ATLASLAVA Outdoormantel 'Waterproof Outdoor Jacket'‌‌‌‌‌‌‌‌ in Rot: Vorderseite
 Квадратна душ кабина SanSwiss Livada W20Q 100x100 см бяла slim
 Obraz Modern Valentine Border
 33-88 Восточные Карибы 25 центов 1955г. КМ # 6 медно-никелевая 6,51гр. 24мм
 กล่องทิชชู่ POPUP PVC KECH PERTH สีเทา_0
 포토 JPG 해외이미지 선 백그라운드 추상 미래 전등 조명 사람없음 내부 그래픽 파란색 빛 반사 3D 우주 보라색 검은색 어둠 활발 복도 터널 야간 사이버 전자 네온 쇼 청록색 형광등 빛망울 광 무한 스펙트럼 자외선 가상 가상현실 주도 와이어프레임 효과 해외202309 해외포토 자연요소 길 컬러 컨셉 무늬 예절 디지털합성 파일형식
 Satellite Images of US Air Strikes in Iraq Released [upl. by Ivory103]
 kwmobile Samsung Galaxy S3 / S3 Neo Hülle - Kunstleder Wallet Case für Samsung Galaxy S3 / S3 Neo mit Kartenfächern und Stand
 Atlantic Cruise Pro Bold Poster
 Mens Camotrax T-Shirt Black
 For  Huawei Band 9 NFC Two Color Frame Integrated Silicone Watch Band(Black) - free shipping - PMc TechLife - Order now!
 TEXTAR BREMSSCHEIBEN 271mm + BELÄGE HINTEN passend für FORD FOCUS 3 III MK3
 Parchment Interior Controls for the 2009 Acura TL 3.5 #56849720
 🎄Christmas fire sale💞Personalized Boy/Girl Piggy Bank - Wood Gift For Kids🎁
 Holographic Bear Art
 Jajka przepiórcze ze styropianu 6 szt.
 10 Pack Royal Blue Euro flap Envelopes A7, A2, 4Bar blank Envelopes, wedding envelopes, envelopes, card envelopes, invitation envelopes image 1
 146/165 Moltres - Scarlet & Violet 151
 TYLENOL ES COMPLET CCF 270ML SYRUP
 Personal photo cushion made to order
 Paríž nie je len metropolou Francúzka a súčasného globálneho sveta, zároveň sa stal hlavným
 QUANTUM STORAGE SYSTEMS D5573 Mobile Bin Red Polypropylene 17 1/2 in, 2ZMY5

**What the task asks**
Each line of the material should be echoed exactly.

**Response below**
ATLASLAVA Outdoormantel 'Waterproof Outdoor Jacket'‌‌‌‌‌‌‌‌ in Rot: Vorderseite
 Квадратна душ кабина SanSwiss Livada W20Q 100x100 см бяла slim
 Obraz Modern Valentine Border
 33-88 Восточные Карибы 25 центов 1955г. КМ # 6 медно-никелевая 6,51гр. 24мм
 กล่องทิชชู่ POPUP PVC KECH PERTH สีเทา_0
 포토 JPG 해외이미지 선 백그라운드 추상 미래 전등 조명 사람없음 내부 그래픽 파란색 빛 반사 3D 우주 보라색 검은색 어둠 활발 복도 터널 야간 사이버 전자 네온 쇼 청록색 형광등 빛망울 광 무한 스펙트럼 자외선 가상 가상현실 주도 와이어프레임 효과 해외202309 해외포토 자연요소 길 컬러 컨셉 무늬 예절 디지털합성 파일형식
 Satellite Images of US Air Strikes in Iraq Released [upl. by Ivory103]
 kwmobile Samsung Galaxy S3 / S3 Neo Hülle - Kunstleder Wallet Case für Samsung Galaxy S3 / S3 Neo mit Kartenfächern und Stand
 Atlantic Cruise Pro Bold Poster
 Mens Camotrax T-Shirt Black
 For  Huawei Band 9 NFC Two Color Frame Integrated Silicone Watch Band(Black) - free shipping - PMc TechLife - Order now!
 TEXTAR BREMSSCHEIBEN 271mm + BELÄGE HINTEN passend für FORD FOCUS 3 III MK3
 Parchment Interior Controls for the 2009 Acura TL 3.5 #56849720
 🎄Christmas fire sale💞Personalized Boy/Girl Piggy Bank - Wood Gift For Kids🎁
 Holographic Bear Art
 Jajka przepiórcze ze styropianu 6 szt.
 10 Pack Royal Blue Euro flap Envelopes A7, A2, 4Bar blank Envelopes, wedding envelopes, envelopes, card envelopes, invitation envelopes image 1
 146/165 Moltres - Scarlet & Violet 151
 TYLENOL ES COMPLET CCF 270ML SYRUP
 Personal photo cushion made to order
 Paríž nie je len metropolou Francúzka a súčasného globálneho sveta, zároveň sa stal hlavným
 QUANTUM STORAGE SYSTEMS D5573 Mobile Bin Red Polypropylene 17 1/2 in, 2ZMY5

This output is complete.